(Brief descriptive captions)
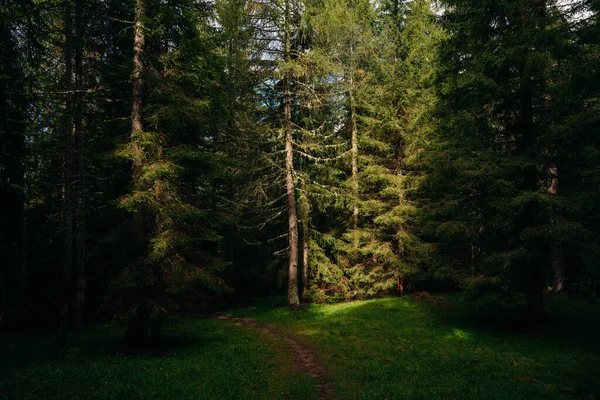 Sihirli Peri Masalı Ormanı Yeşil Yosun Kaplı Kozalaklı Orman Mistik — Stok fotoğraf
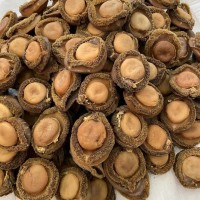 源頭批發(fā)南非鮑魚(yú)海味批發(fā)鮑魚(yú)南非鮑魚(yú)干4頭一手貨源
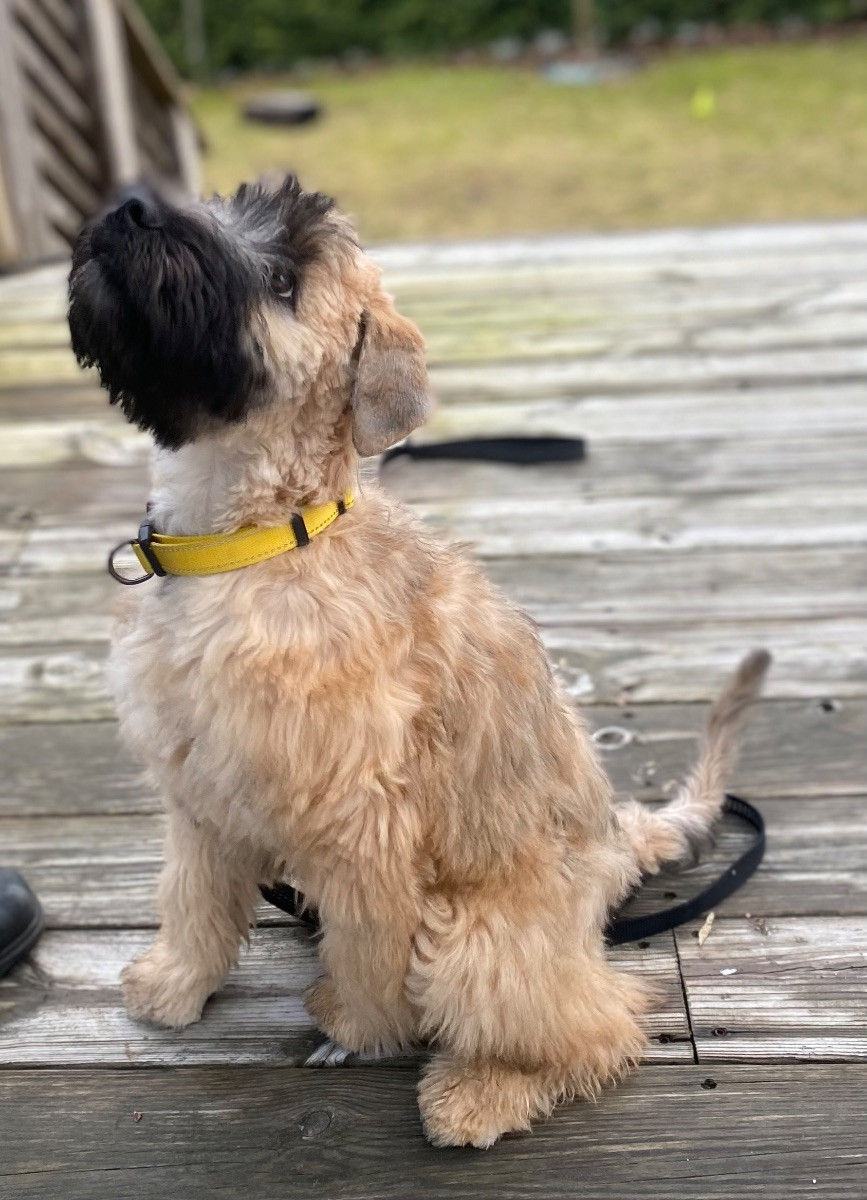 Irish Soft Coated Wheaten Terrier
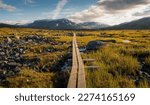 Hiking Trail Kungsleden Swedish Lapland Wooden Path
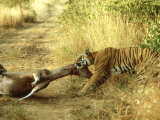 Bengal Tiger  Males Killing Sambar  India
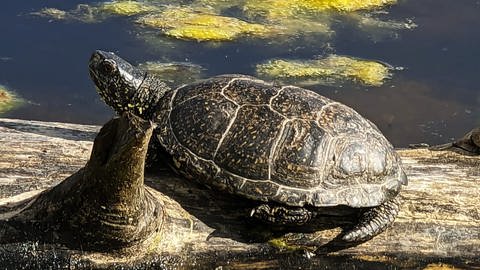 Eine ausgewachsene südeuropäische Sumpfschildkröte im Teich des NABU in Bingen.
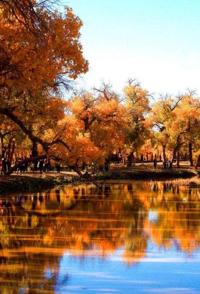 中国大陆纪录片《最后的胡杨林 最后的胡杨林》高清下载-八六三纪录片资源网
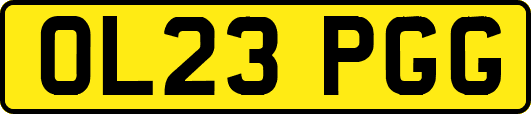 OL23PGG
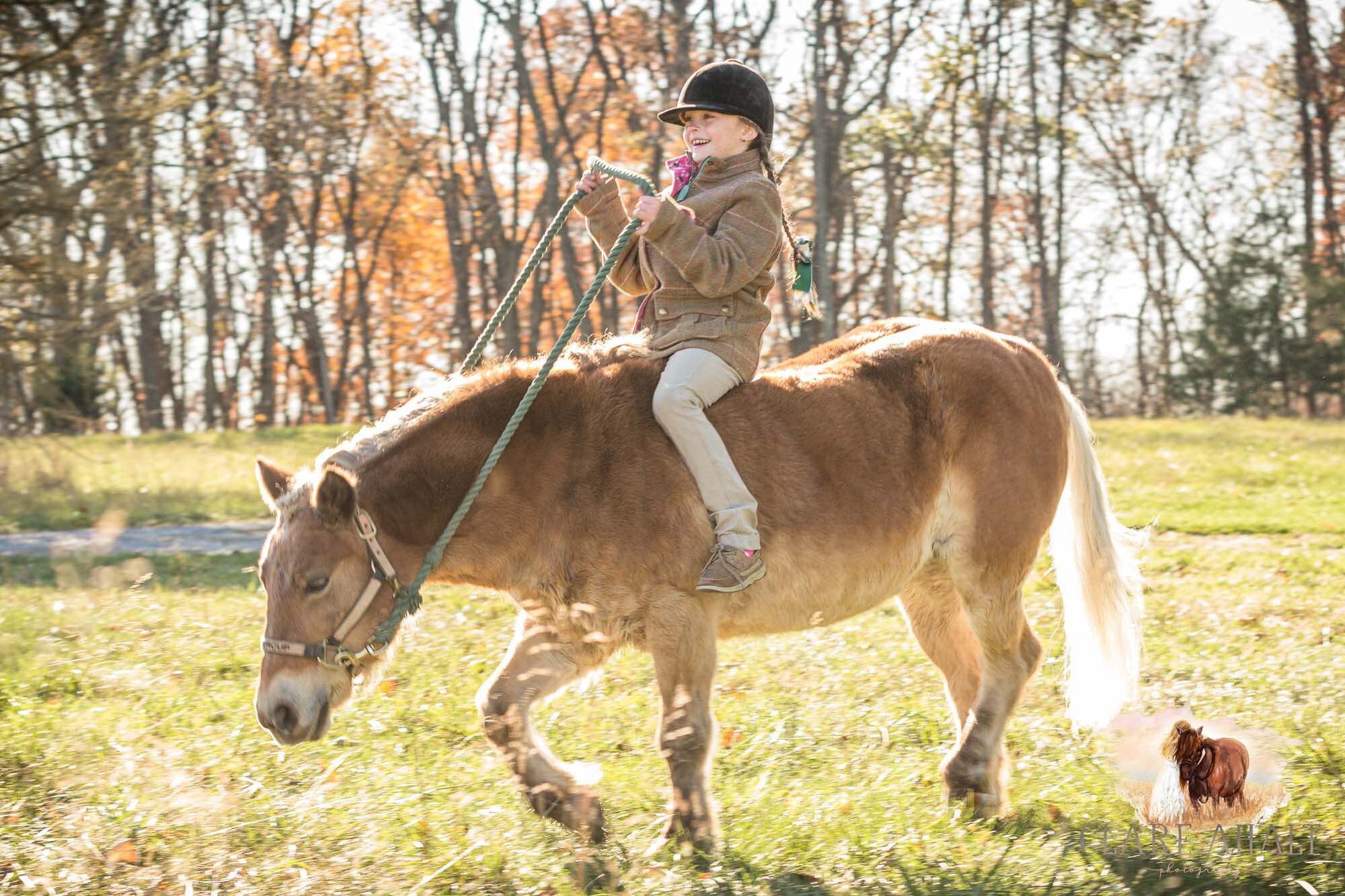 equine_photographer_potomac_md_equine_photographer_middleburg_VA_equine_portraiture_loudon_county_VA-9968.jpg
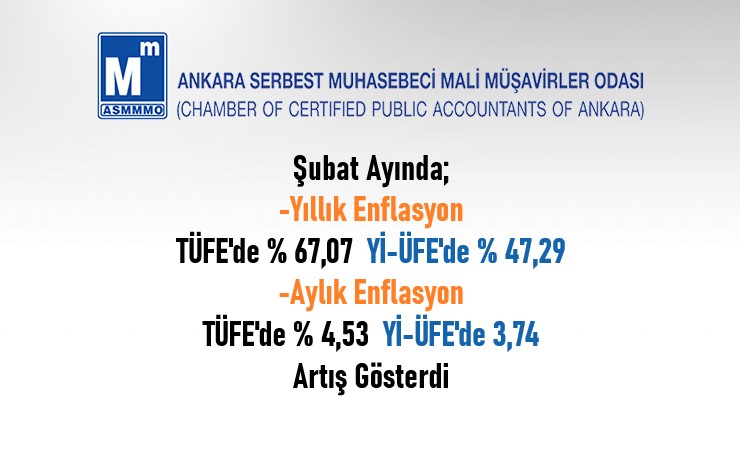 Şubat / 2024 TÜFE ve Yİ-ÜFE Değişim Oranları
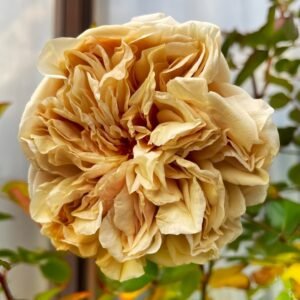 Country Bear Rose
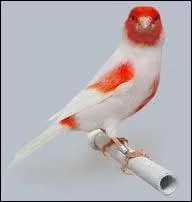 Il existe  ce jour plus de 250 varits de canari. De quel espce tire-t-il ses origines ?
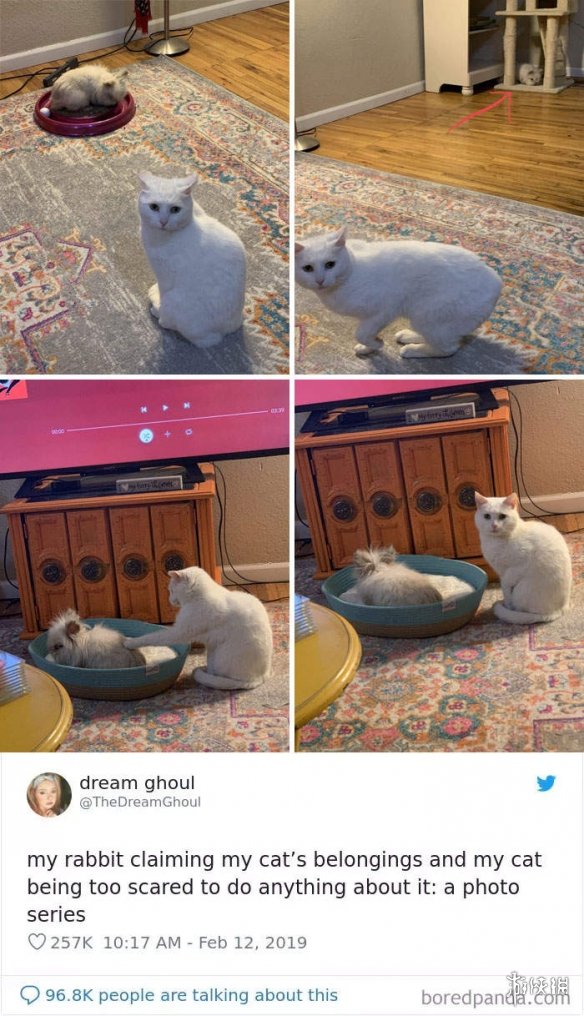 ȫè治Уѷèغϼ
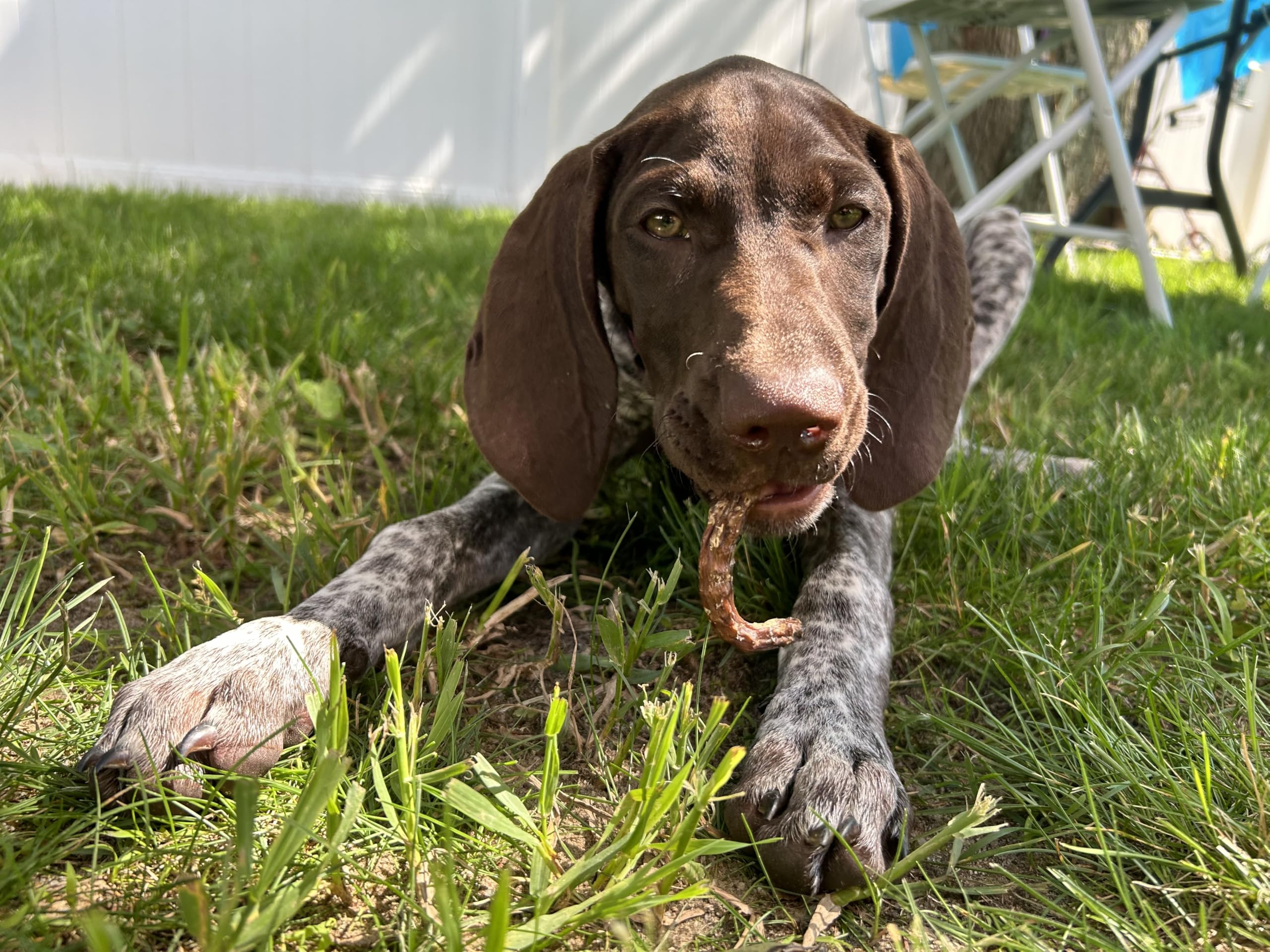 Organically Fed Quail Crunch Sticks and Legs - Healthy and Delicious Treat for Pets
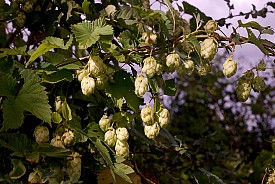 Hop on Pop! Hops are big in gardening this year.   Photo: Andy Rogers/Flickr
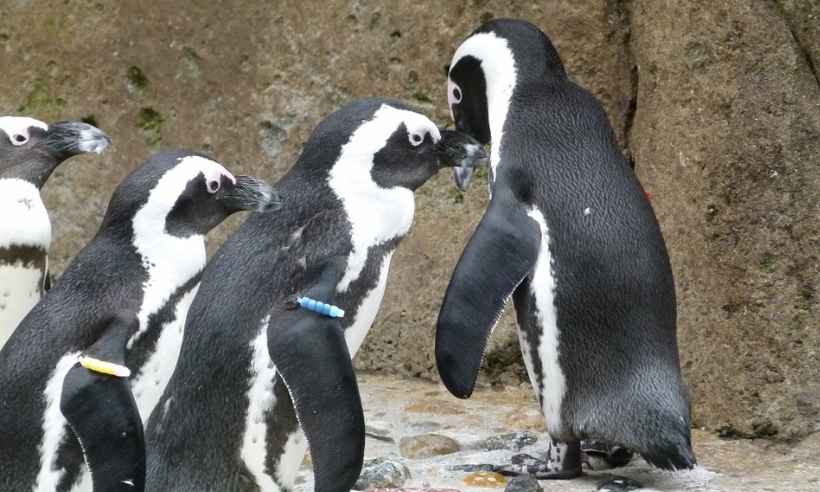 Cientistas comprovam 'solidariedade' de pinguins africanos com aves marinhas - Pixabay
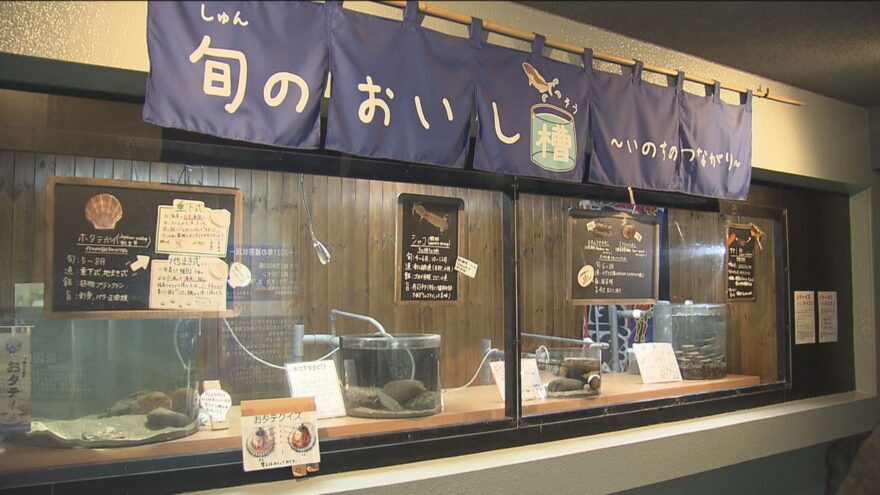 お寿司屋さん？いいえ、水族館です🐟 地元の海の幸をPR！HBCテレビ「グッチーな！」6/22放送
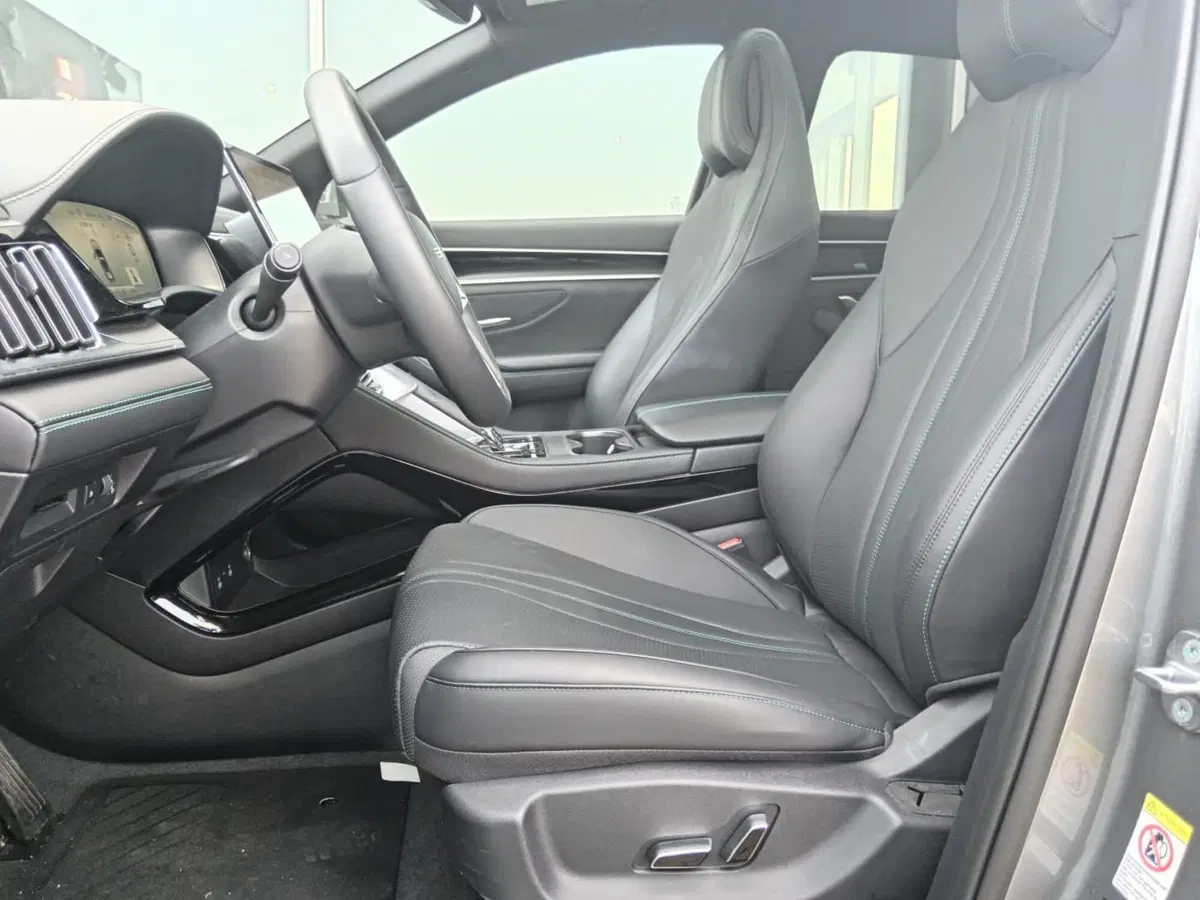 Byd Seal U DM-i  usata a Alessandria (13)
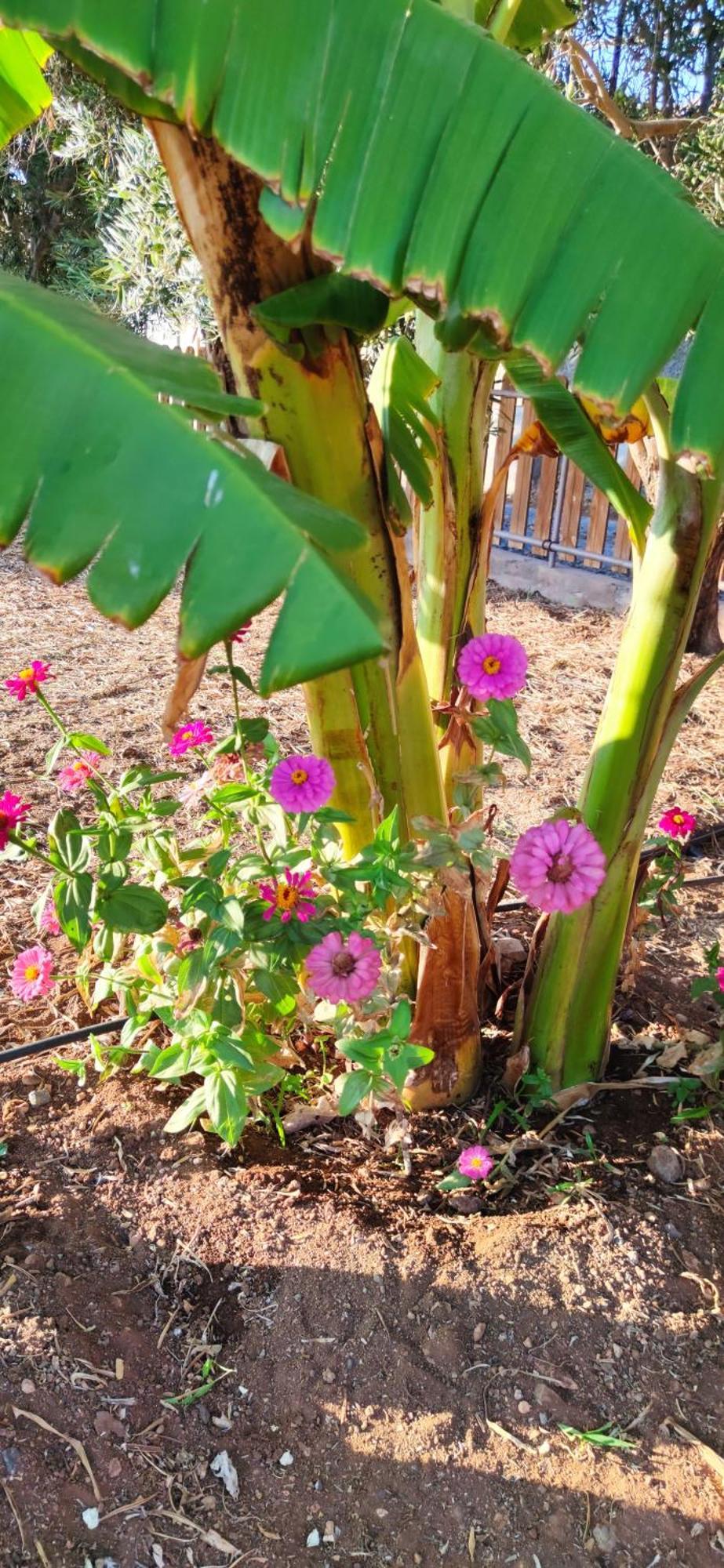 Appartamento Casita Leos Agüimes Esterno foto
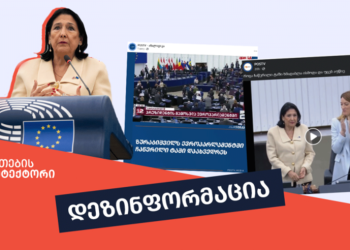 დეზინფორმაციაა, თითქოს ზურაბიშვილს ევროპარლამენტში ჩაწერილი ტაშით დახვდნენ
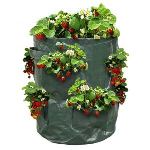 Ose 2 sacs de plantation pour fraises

## [YOUR INSTRUCTIONS]
Copy out exactly the lines above beginning with the line that contains "Country Bear Rose" and finishing with the line that contains "დეზინფორმაციაა, თითქოს ზურაბიშვილს", including both; leave the pictures out.

## [TASK OUTPUT]
 Country Bear Rose
 Il existe  ce jour plus de 250 varits de canari. De quel espce tire-t-il ses origines ?
 ȫè治Уѷèغϼ
 Organically Fed Quail Crunch Sticks and Legs - Healthy and Delicious Treat for Pets
 Hop on Pop! Hops are big in gardening this year.   Photo: Andy Rogers/Flickr
 Cientistas comprovam 'solidariedade' de pinguins africanos com aves marinhas - Pixabay
 お寿司屋さん？いいえ、水族館です🐟 地元の海の幸をPR！HBCテレビ「グッチーな！」6/22放送
 Byd Seal U DM-i  usata a Alessandria (13)
 Appartamento Casita Leos Agüimes Esterno foto
 დეზინფორმაციაა, თითქოს ზურაბიშვილს ევროპარლამენტში ჩაწერილი ტაშით დახვდნენ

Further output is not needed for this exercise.